Hannover. Besatzung meldete sich krank: Für Tausende Tuifly-Reisende fiel 2016 der Herbsturlaub aus. Jetzt ziehen die ersten Kunden vor Gericht.
Der Herbsturlaub ist für Tausende Kunden der Fluggesellschaft Tuifly vergangenes Jahr ausgefallen: Rund eine Woche lang kämpfte das Unternehmen mit massiven Flugausfällen, weil sich die Besatzungen reihenweise krankmeldeten. Für die entgangene Urlaubserholung will Tuifly den Kunden bisher keine Entschädigungen zahlen, lediglich der Reisepreis wurde erstattet. Nun werden die ersten Entscheidungen erwartet, ob das Unternehmen mit dieser Linie durchkommt.
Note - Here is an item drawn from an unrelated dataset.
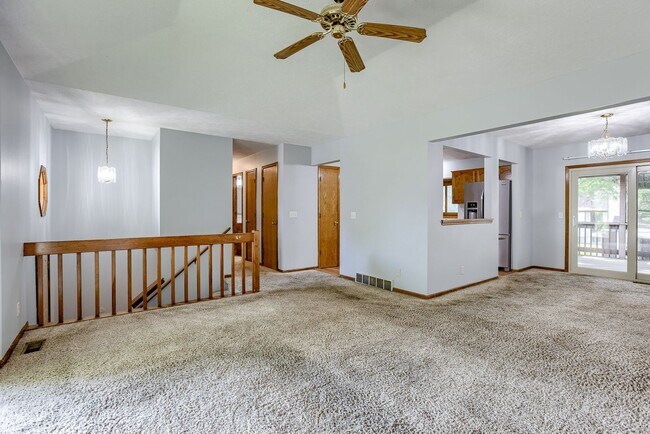 Building Photo - Great Location!!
Viele Betroffene reichten Klage ein, beim Amtsgericht Hannover sind bereits mehr als 600 Zivilverfahren anhängig. An diesem Dienstag (14. Februar) werden einige der ersten Klagen verhandelt. Unter anderem will eine fünfköpfige Familie 4000 Euro auf Basis der EU-Fluggastrechteverordnung, weil sie nach eigenen Angaben erst am Flughafen Düsseldorf erfuhr, dass der Flug nach Kos und auch der Rückflug storniert wurden. Eine Entscheidung in dem Verfahren könnte noch am selben Tag oder etwa drei Wochen später verkündet werden, sagte Richterin Catharina Erps.
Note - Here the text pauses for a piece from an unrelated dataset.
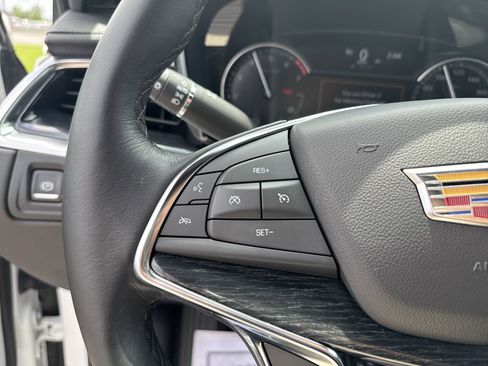 Used 2024 Cadillac XT5 Premium Luxury image 16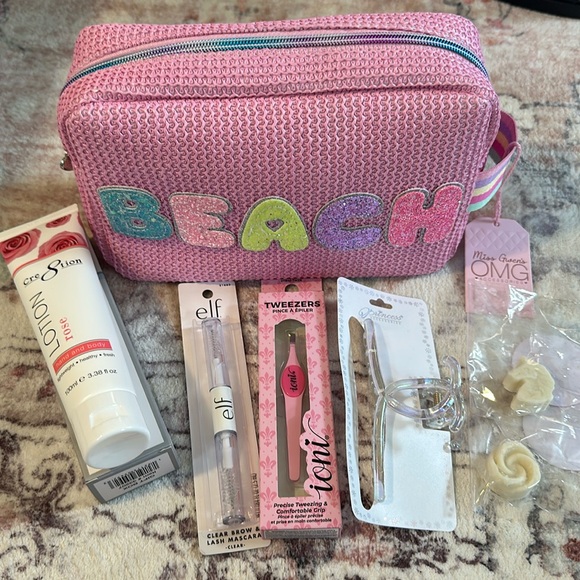 ELF Accessories - 💕NEW Beauty Pouch BUNDLE of Goodies💕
Bevor es zu der ungewöhnlichen Häufung von Krankmeldungen kam, war bekanntgeworden, dass Tuifly zusammen mit der österreichischen Air-Berlin-Tochter Niki in eine neue Dachgesellschaft unter Führung der arabischen Fluglinie Etihad integriert werden soll. Arbeitnehmervertreter befürchteten daraufhin Job-Verluste.
Unklare Rechtslage
Das Unternehmen beruft sich nach Gerichtsangaben darauf, dass die hohe Zahl an Krankmeldungen ein wilder Streik war. Um welche Schadenssummen es für das Unternehmen geht, ist unklar, Tuifly will dazu keine Angaben machen. Die Gesellschaft argumentiert damit, dass die massenhaften Krankmeldungen ein außergewöhnlicher Umstand im Sinne von höherer Gewalt gewesen seien. Nach einer Entscheidung des Bundesgerichtshofs sind Fluggesellschaften bei einem Streik zwar von Entschädigungszahlungen befreit. Ob die Krankmeldungen als Streik aufzufassen sind, ist rechtlich aber strittig.
Wie die Richter entscheiden, ist völlig offen. Reiserechtler glauben, dass Tui eher schlechte Karten hat, Ausgleichszahlungen nach der EU-Fluggastrechteverordnung zu verweigern.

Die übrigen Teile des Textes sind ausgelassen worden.